In 1581, the Jesuit A. Possevin went to Russia, acting as a mediator between Ivan and Poland, and at the same time hoping to persuade the Russian Church into a union with the Catholic Church. His failure was predicted by the Polish Hetman Zamolsky: “ He is ready to swear that the Grand Duke is disposed towards him and will accept the Latin faith to please him, and I am sure that these negotiations will end with the prince hitting him with a crutch and driving him away" M.V. Tolstoy writes in “History of the Russian Church”: “ But the pope’s hopes and Possevin’s efforts were not crowned with success. John showed all the natural flexibility of his mind, dexterity and prudence, which the Jesuit himself had to give justice to, rejected the requests for permission to build Latin churches in Rus', rejected disputes about faith and the union of Churches on the basis of the rules of the Florence Council and was not carried away by the dreamy promise of acquiring all the Byzantine Empire, lost by the Greeks allegedly for retreating from Rome" The ambassador himself notes that “the Russian Sovereign stubbornly avoided and avoided discussing this topic.” Thus, the papal throne did not receive any privileges; the possibility of Moscow joining the Catholic Church remained as vague as before, and meanwhile the papal ambassador had to begin his mediating role.
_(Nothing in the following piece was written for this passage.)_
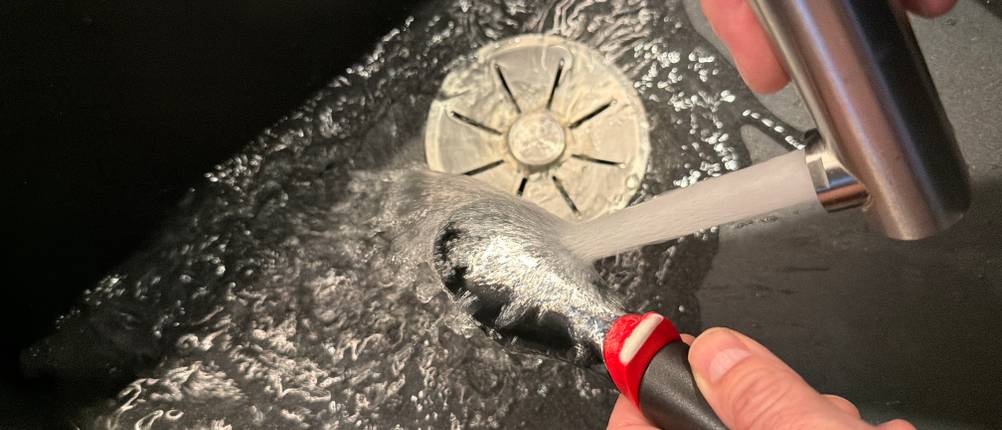 Der Tefal-Ingenio-Eisportionierer wird unter fließendem Wasser gereinigt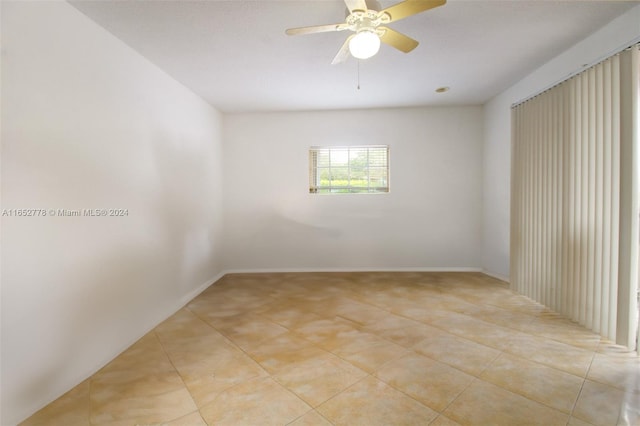 spare room featuring ceiling fan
The conquest of Siberia by Ermak Timofeevich and his Cossacks in 1583 and his capture of the capital of Siberia - Iskera - marked the beginning of the conversion of local foreigners to Orthodoxy: Ermak’s troops were accompanied by two priests and a hieromonk.

Death

A study of the remains of Ivan the Terrible showed that in the last six years of his life he developed osteophytes (salt deposits on the spine) to such an extent that he could no longer walk - he was carried on a stretcher. M. M. Gerasimov, who examined the remains, noted that he had not seen such thick deposits even in the very elderly. Forced immobility, combined with a general unhealthy lifestyle, nervous shocks, etc., led to the fact that at just over 50 years old, the tsar already looked like a decrepit old man.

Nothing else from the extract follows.